Now, Lana Brown is not solely judged on the basis of her family name. She wouldn’t be instantly rated a “6.5”. The person would then access Lana on the basis of her own merits. Let us say that after doing that, she found that Lana rated a very average 5.5 on the scale. To then determine Lana’s overall worth, they would then access her by combining the family worth with her worth. Combine the scores together, and Lana is rated 12/20. Lana is lucky, she gets a 1 point extra boost in value because of her family. This will mean that people will be nicer to her and offer her more opportunities.
What this means for SDA defectors
There is another criteria that people judge your family name against; family dedication to the church. The Browns are a small family; but they are all in the church. Well, let us say that Lana decided to leave the church. This is a huge blow to her family name. It is incredibly shameful.
Firstly, people will inevitably blame the parents; they didn’t do a good enough job to keep them in the church. They will never say this to their face but that is what everyone is thinking. Secondly, it shows cracks; Adventists strive for perfectionism, are cliquey and are constantly judging each other. They create the false illusion that everything is perfect in their lives. Someone leaving shows that this isn’t true and that the family isn’t perfect.

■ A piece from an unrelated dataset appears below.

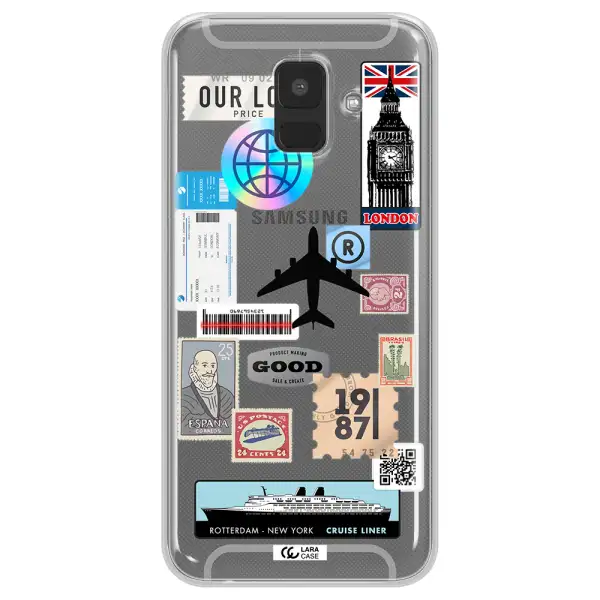 Stamp Stickers Samsung A6 Clear TPU Case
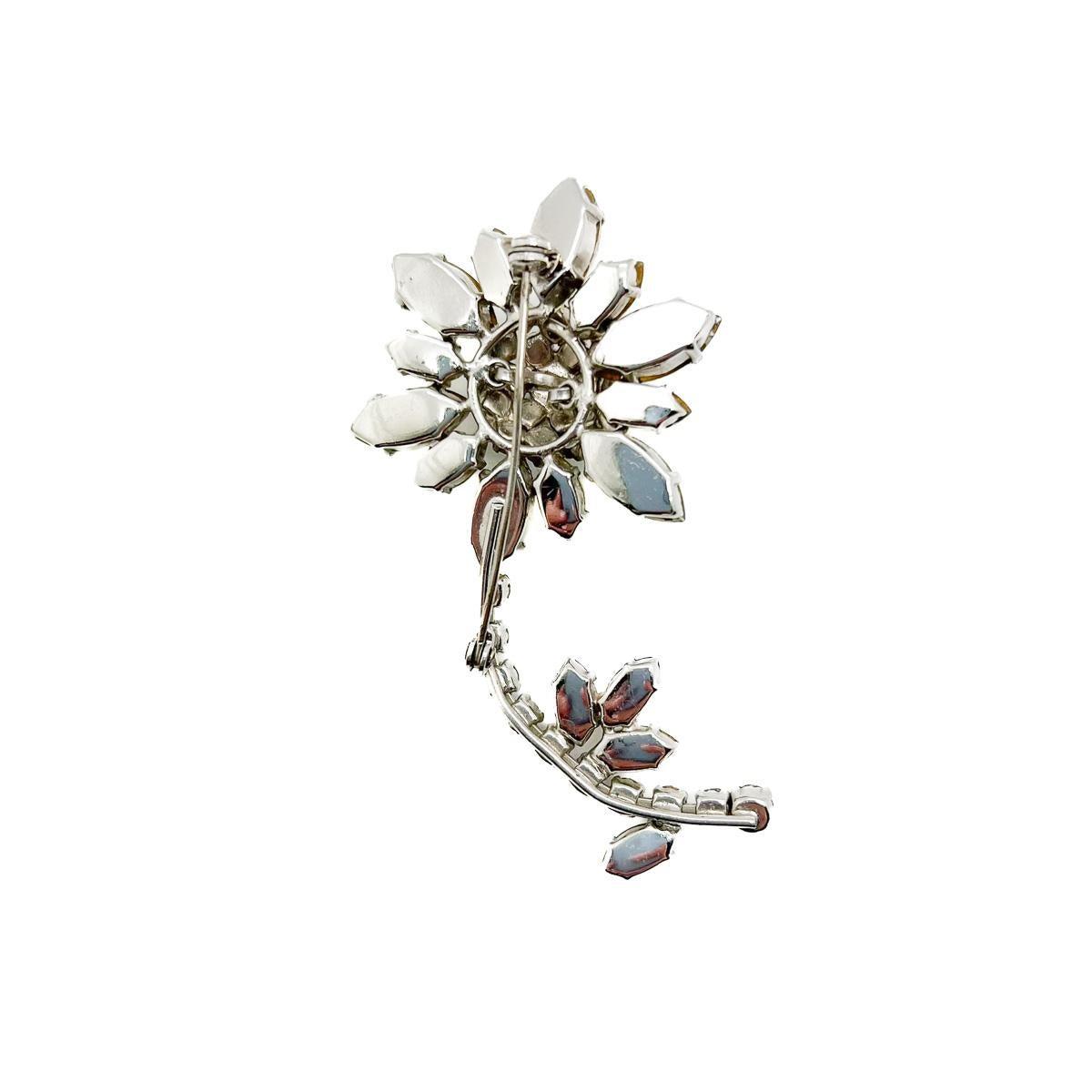 Vintage Navette Crystal Stemmed Flower Brooch 1950s For Sale 1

Lana leaving is a blow against the Brown family. It is made worse by the fact that they are small; a greater percentage of them have “left the church”. If a parent loses both of their children to “the world”, people will know. Inversely, if a parent leaves, it affects the family name less as long as the children stay. However, children is a big blow to the family name. “Oh, the Browns? Ah, their daughter, Lana, left the church didn’t she? How sad.” When we defect from the church, we blow a hole in the lives of our family. Roger’s value will now go down. He will have fewer opportunities available to him.
Hidden from the world
Adventists all know these things are true – but they don’t realise that they are doing it. It is not put as overtly as this, even though this is overtly what everyone is doing. Because “The World” does not do this, it is very hard to explain to outsiders what goes on. SDA defectors internally understand that them leaving is going to hurt their family’s status/lives (even though they probably haven’t analyzed it this deeply and so do not therefore understand why).
The fear of hurting and the following guilt is very, very strong. It is elements like this that could be used to argue that Seventh Day Adventism is a cult, or has strong cult-like tendencies. This is a form of control; while nowhere near as extreme, escaping is like escaping a prison camp and leaving your family behind to be tortured for more information. This is one of the many psychological pressures that leave silent dissenters to stay silent.
The Heritage Singers, the perfect Seventh Day Adventist family.